Our objective is to develop an element with the following characteristics:

• Two-dimensional, two node element
• Euler-Bernoulli beam theory
• Axial stiffness (“spar” type element)
• “Beam on elastic foundation” characteristic
• Axial elastic resistance

Although it is doubtless possible to start with a single weak-form equation and develop the stiffness matrix, it is more convenient to develop the axial and bending local stiffness matrices separately and then to put them together with superposition.

Both spar and beam elements generally use two nodes, one at each end. For this derivation all of the constants (beam elastic modulus, moment of inertia, cross-sectional area and spring constants) will be assumed to be uniform the full length of the element. If one desires to model non-uniform beams, one can either develop an element with the desired non-uniformity or use more elements, and we see both in finite element analysis.

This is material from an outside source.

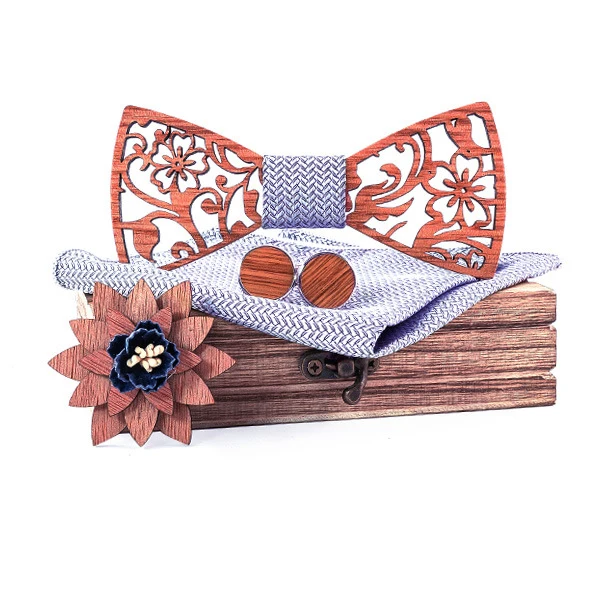 Ручной работы деревянный галстук-бабочка галстук тренд галстук набор галстук-бабочка шарф Запонки брошь Подарочная коробка мужские аксессуары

Let us start with the bending portion. The weak form of the equation for the fourth-order Euler-Bernoulli beam element is
$\int_{x_{{1}}}^{x_{{2}}}\!{\it E1}\,{\it XI1}\,\left({\frac{d^{2}}{d{x}^{2}}}v(x)\right){\frac{d^{2}}{d{x}^{2}}}w(x)+gv(x)w(x)-v(x)t{dx}=0$

where $E1$ is the Young’s modulus of the material and $XI1$ is the moment of inertia of the beam. The variable $g$ represents the continuous spring constant along the length of the beam relative to the displacement of that beam, the “beam on elastic foundation.” The variable $t$ is a uniform load along the beam. The equations were derived using Maple with the idea of the results used on FORTRAN 77, thus the naming convention of some of the variables. An explanation of the weak form, its derivation and the significance of $w\left(x\right)$ and $v\left(x\right)$ can be found in a finite element text such as this.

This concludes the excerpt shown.